REUTERS/Shannon Stapleton SS NRA

The Senate returned home this week for recess, after having defied public opinion and batted down universal background checks for gun buyers earlier this month.

It was a big defeat for President Obama, who brought to Capitol Hill the parents of the children killed in a mass shooting last December at Sandy Hook Elementary School in Newtown, Conn. Their pleas for action fell on sympathetic but deaf ears, unable to compete against the National Rifle Association and a conviction that additional steps to control guns would violate the Second Amendment.

On April 17, the criminal and mental background check bill fell short of the 60-vote supermajority needed to move forward in the Senate—with a final tally of 54 to 46. The gun show loophole will continue and the FBI database used in the existing background checks remains incomplete.

So, will voters respond by rejecting any of the senators who blocked the measure?

Maybe.

Public Policy Polling sparked hope among gun control advocates that at least five senators would face a voter backlash.

In a survey released Monday by the North Carolina-based firm, Sen. Jeff Flake, R-Ariz., recorded a dismal 32 percent approval rating. The popularity of Alaska senators Lisa Murkowski, a Republican, and Mark Begich, a Democrat, also took a tumble. Support for Sen. Rob Portman, R-Ohio, has dropped a net 18 points over the past six months, such that his approval rating now rests at 26 percent. And backing from independent voters for Nevada Republican Dean Heller has steadily eroded.

“The background checks vote is a rare one that really is causing these Senators trouble back home,” said Dean Debnam, president of Public Policy Polling. “All five of these senators, as well as [New Hampshire Republican] Kelly Ayotte, have seen their approval numbers decline in the wake of this vote.”

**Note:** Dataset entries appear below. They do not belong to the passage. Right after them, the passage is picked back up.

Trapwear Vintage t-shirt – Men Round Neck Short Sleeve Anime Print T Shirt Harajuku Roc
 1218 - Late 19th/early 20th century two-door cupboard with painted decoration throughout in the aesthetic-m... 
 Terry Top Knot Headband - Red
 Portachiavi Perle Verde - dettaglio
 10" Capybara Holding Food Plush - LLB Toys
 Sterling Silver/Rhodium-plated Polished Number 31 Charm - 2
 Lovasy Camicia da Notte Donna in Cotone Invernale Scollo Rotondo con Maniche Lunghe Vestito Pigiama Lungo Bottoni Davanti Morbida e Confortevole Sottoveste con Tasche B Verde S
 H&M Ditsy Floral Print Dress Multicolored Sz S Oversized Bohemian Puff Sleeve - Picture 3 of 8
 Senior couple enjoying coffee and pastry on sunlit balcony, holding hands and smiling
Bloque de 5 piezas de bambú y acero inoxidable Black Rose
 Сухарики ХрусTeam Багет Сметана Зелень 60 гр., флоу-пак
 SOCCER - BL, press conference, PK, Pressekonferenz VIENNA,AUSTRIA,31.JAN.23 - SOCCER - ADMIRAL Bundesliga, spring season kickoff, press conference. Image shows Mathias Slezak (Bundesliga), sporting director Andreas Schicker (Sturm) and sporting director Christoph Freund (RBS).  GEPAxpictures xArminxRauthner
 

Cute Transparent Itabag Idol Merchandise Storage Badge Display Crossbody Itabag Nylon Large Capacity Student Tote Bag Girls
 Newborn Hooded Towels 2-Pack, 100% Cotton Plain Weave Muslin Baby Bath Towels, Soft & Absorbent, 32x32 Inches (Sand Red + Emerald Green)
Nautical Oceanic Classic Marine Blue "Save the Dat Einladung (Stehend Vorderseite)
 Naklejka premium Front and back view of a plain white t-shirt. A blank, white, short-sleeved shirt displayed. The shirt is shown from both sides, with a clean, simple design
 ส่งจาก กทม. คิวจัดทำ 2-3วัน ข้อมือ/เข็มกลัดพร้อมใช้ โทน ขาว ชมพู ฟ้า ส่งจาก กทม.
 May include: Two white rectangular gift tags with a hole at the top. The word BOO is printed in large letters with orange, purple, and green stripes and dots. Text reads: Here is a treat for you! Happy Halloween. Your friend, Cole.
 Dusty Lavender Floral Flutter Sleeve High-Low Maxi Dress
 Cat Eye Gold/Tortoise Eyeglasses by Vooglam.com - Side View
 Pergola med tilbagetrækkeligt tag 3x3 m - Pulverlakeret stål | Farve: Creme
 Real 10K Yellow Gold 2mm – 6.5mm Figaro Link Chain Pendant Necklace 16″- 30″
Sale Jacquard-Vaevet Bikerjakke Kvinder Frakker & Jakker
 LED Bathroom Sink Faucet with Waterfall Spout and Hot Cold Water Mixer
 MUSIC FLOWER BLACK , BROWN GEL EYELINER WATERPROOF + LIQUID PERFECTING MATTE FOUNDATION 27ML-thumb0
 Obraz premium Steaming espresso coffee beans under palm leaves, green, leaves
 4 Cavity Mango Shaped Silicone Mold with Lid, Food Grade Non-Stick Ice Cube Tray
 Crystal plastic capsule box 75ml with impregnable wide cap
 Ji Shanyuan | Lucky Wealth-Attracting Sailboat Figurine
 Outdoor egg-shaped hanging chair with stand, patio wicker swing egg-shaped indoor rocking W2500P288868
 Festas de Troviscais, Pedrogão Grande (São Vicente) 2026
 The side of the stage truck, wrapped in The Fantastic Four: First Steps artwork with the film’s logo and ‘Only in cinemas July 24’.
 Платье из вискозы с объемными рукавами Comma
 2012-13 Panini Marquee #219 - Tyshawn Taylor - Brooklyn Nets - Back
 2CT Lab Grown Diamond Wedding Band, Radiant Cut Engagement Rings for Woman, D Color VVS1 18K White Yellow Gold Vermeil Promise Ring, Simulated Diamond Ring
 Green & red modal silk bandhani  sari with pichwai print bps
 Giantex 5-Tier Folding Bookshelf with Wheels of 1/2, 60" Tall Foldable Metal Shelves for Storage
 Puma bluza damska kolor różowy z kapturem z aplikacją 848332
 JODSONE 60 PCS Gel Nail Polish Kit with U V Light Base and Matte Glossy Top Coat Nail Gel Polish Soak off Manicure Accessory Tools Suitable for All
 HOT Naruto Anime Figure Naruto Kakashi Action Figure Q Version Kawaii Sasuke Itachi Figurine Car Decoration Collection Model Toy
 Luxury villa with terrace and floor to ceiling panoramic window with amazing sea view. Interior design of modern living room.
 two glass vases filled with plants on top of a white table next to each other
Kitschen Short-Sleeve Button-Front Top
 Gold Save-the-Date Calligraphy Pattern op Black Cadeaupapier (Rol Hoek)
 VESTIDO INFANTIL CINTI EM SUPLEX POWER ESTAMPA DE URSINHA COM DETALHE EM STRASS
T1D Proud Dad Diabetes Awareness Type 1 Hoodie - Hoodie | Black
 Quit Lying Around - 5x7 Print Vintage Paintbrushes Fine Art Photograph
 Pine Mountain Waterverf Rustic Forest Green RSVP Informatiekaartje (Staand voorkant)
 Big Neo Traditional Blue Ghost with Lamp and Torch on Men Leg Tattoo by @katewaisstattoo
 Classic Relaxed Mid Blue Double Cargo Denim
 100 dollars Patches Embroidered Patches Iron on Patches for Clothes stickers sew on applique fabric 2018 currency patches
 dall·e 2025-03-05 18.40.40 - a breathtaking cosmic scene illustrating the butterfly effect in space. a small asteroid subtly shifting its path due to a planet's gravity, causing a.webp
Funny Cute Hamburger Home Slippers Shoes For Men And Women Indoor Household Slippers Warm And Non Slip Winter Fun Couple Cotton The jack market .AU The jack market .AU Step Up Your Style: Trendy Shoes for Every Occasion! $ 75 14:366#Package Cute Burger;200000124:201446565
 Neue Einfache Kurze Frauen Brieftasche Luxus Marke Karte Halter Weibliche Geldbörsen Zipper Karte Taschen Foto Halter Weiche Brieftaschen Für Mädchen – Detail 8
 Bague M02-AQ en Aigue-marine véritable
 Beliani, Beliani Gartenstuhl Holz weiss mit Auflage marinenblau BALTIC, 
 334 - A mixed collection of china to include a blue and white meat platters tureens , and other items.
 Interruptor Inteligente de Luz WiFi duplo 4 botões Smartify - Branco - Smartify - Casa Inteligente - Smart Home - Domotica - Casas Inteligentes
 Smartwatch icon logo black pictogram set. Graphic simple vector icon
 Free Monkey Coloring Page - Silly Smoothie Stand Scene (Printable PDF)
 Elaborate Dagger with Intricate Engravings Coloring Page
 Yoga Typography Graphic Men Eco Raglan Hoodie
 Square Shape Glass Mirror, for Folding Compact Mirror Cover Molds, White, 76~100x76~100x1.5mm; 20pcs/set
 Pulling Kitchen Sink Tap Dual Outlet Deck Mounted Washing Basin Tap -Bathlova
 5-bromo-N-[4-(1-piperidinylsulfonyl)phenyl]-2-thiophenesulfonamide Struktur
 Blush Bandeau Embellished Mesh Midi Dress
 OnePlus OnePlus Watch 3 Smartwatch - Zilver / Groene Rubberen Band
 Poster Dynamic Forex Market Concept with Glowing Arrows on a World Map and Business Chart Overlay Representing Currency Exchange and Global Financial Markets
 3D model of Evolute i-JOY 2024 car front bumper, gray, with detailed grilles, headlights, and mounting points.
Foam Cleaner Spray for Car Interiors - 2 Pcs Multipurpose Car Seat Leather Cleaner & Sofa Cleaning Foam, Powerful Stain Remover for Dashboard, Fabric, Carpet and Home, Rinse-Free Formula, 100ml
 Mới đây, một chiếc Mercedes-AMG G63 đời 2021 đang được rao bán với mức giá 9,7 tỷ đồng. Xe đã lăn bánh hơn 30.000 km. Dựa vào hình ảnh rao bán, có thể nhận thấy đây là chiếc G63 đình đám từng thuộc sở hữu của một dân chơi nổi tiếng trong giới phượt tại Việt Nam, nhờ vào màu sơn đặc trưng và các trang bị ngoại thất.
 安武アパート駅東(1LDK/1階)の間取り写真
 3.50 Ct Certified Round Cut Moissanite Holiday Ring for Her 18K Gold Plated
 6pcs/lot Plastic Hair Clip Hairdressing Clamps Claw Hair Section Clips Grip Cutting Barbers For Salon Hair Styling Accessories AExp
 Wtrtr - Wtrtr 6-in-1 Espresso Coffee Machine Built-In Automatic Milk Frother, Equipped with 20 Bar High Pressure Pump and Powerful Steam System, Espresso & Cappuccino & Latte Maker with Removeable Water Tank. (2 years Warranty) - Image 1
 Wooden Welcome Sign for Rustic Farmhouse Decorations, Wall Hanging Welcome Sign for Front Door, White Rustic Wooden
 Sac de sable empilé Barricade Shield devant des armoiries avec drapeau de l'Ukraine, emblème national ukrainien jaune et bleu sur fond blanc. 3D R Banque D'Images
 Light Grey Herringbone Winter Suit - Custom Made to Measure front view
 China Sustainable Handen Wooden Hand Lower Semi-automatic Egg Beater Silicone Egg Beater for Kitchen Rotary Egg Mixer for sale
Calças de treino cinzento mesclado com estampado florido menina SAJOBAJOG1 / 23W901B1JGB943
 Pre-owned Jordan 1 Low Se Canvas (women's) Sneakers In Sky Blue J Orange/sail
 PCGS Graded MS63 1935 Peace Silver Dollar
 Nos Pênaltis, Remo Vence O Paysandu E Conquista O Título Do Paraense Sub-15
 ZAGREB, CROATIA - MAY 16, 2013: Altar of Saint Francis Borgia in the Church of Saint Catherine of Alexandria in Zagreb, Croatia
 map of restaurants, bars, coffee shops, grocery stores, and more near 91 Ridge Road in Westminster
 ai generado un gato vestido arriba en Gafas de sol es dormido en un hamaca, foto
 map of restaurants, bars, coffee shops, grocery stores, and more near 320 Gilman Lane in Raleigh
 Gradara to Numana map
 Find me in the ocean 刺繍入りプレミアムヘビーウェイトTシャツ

The polling isn’t that cut-and-dry.

Arizona’s Flake looks like he is in trouble, but he doesn’t face re-election until 2018—a lifetime away in U.S. politics.

In Alaska, voters might not make gun control their top priority in the next election. Begich is up for a second term in 2014. In Public Policy Polling survey, 58 percent of respondents said his “nay” on background checks either made “no difference” or increased the likelihood Begich would get their votes. A similar pattern existed for Murkowski.

Ohio’s Portman would face re-election in 2016. Most of those surveyed—40 percent—by Public Policy Polling were “not sure” about his job performance. Nor is it possible to explain any swings in his approval rating solely through gun control, since Portman disclosed that his son was homosexual and announced his support for gay marriage.

In Nevada, voters still had a favorable impression of Heller, 44 percent to 41 percent, despite the loss of support from independents.

The Gallup Organization issued a poll on Monday suggesting that voters strongly support background checks, but they’re a bit reluctant to punish lawmakers who refuse to enact stricter vetting for gun buyers.

In the survey conducted last week, 83 percent of Americans said they would vote for background checks, down slightly from 91 percent in January. But when asked whether the Senate should have passed background checks, only 65 percent answered that it should have.

So the public welcomes the concept of background checks, but they’re less certain about the failed Senate bill sponsored by West Virginia Democrat Joseph Manchin III and Pennsylvania Republican Pat Toomey.

Gallup concluded, “The reasons for this difference are not entirely clear.”